Kelly McGrath – You and Me Today
Kelly McGrath is a Nashville based songwriter whose talents defy easy categorization. Many listeners and merchants will label her as a member of the Americana genre, but her latest single demonstrates a singer, lyricist, and songwriter whose range is much wider than a narrow genre classification. There are similarities. There is no doubt of that. However, McGrath’s material has a much more personal slant than the genre’s usual assortment of pastoral invocations to worlds long gone or paeans to the simpler life. Her first three albums show a songwriter concerned with the same troubles plaguing us all, but able to express them in an unique, highly individual fashion. Those efforts reach their zenith so far with her latest single “You and Me Today”, an impassioned and quite musical confrontation with grief. Kelly McGrath does not flinch. She faces presumably the biggest loss of her life with wisdom beyond her years and talent that transcends any tragedy.
She’s capably served by a backing band who fleshes out her intentions with color, melody, and understated power. The instrumental color and melody comes from the often quite beautiful guitar playing – McGrath also benefits from a production job so attuned to the track’s sound that it’s possible for listeners to hear the plectrum hitting the strings. This sort of intimacy defines the single as a whole. The understated power comes from a rhythm section that doesn’t present itself all at once but, like everything else in this song, incrementally. The drums are the first to enter the sonic picture before the first rib-rattling bass notes bob up out of the mix. McGrath has surrounded herself with an ace group of musicians who understand the right amount of musical force to apply here in order to best highlight McGrath’s aims with the song.
It’s clear that her aims, despite the song’s gradual build, are not theatrical. McGrath makes her deepest impact on the listeners thanks to a genuine emotional connection embodied by words and melody working together instead of glossy orchestrations and heavy-handed lyrics. McGrath relates things as they were, not as she would have liked them, and the emotional timber of her voice is impossible to not notice. The words don’t aspire to grand lyrical heights, but seem committed to detailing her experience as honestly as possible and with details that not only portray her experience but, hopefully, strike a chord with listeners.

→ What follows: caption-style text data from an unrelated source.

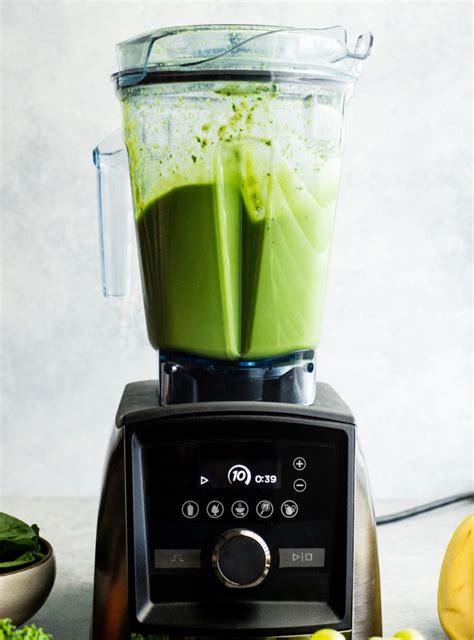 A close-up of a blender filled with green smoothie ingredients before blending.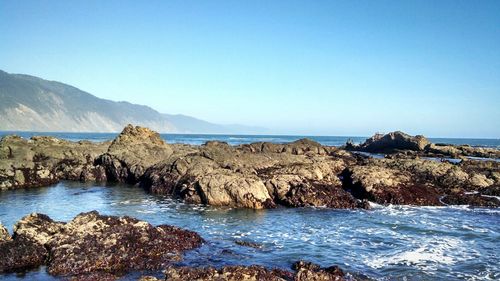 Rocks by sea against clear blue sky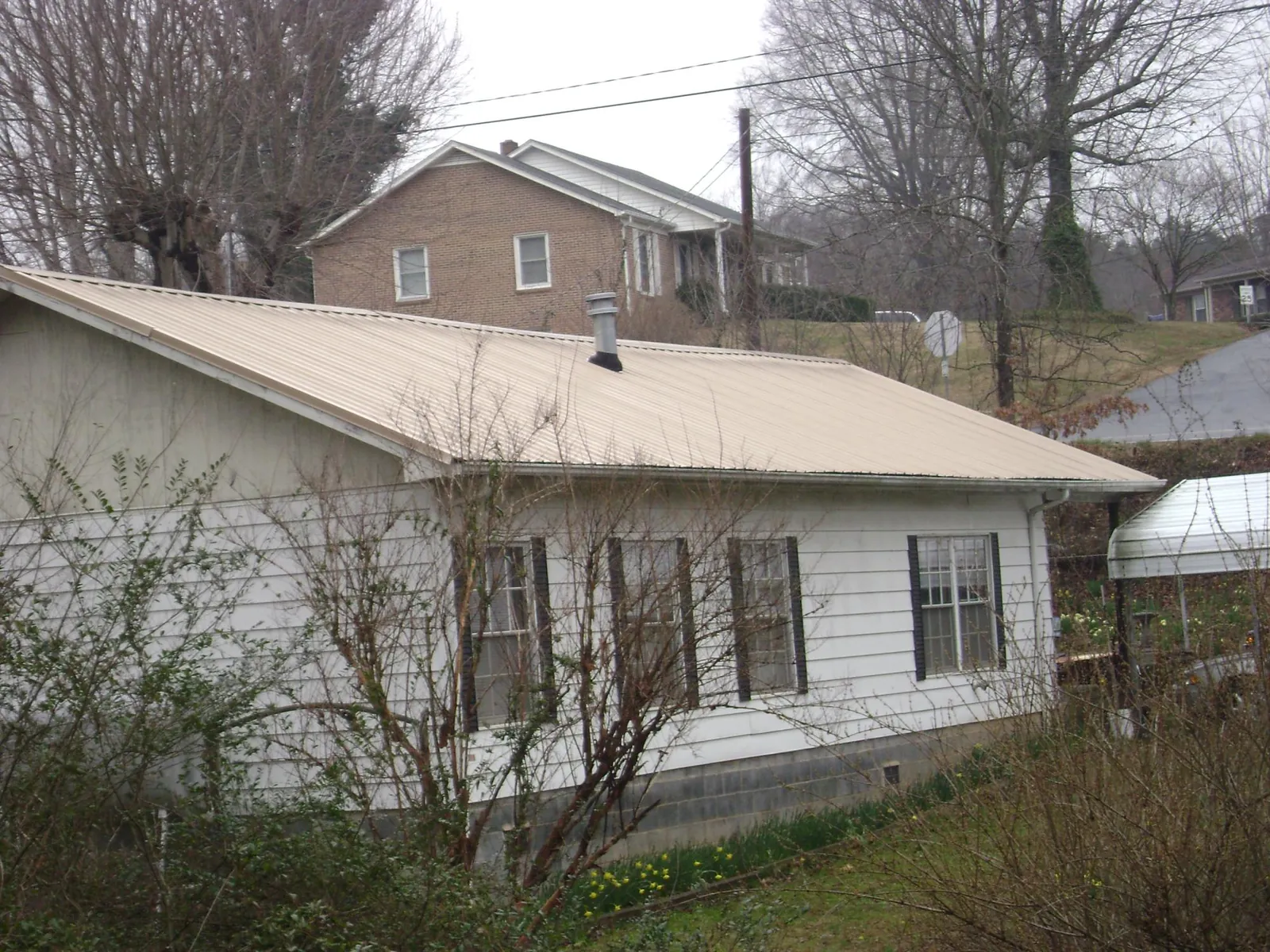 Tan metal roof on a white sided house set into a hillside — Commercial Roofing by Roofing Brothers in Washington Grove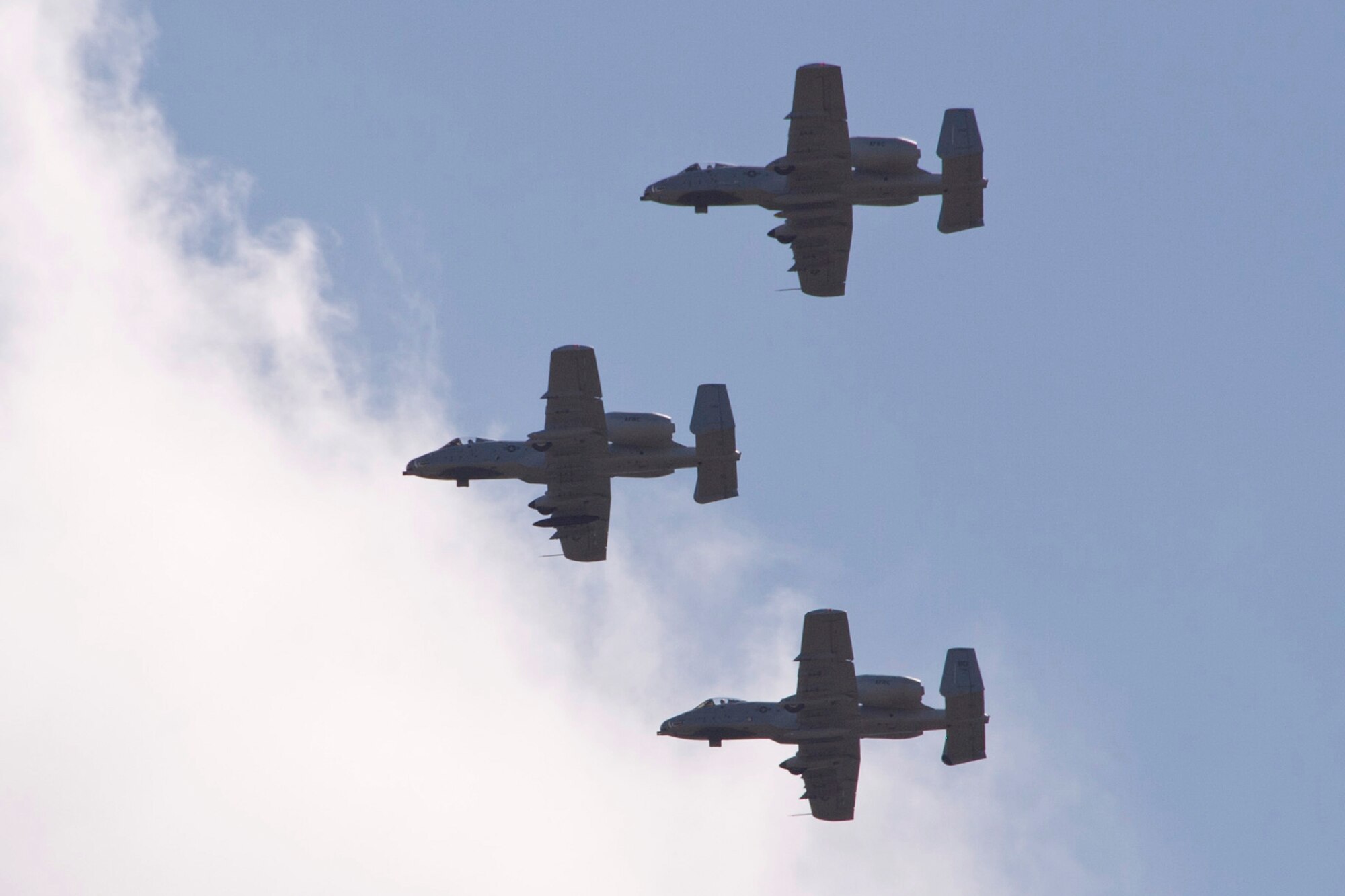 The last three A-10 Thunderbolts to be transferred From Barksdale Air Force Base, La., make a final pass over the Barksdale runway, June 24, 2013. Approximately 200 people gathered on the flight line to watch the sendoff. The transfer of the A-10s from Barksdale is due to the recent Force Structure Action Implementation Plan that dictates the 917th Fighter Group at Barksdale will be inactivated this year on the last day of September. These three A-10s are being transferred to Davis-Monthan Air Force Base, Ariz. (U.S. Air Force photo by Master Sgt. Jeff Walston/Released)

She makes her job easy with superior vocal phrasing and the aforementioned quality of commitment. From the first verse, only the deaf wouldn’t realize the wholehearted emphasis she places on conveying for listeners who her father was to her, what it is like to lose him, and what it is like to move on. The final message will impress me as the most important. Despite the loss of his physical presence in her daily life, the central theme of the song essentially seems to be that death cannot break the connection she feels to her father. Few vocalists working today could communicate that to audiences with the same stunning majesty that she conjures here.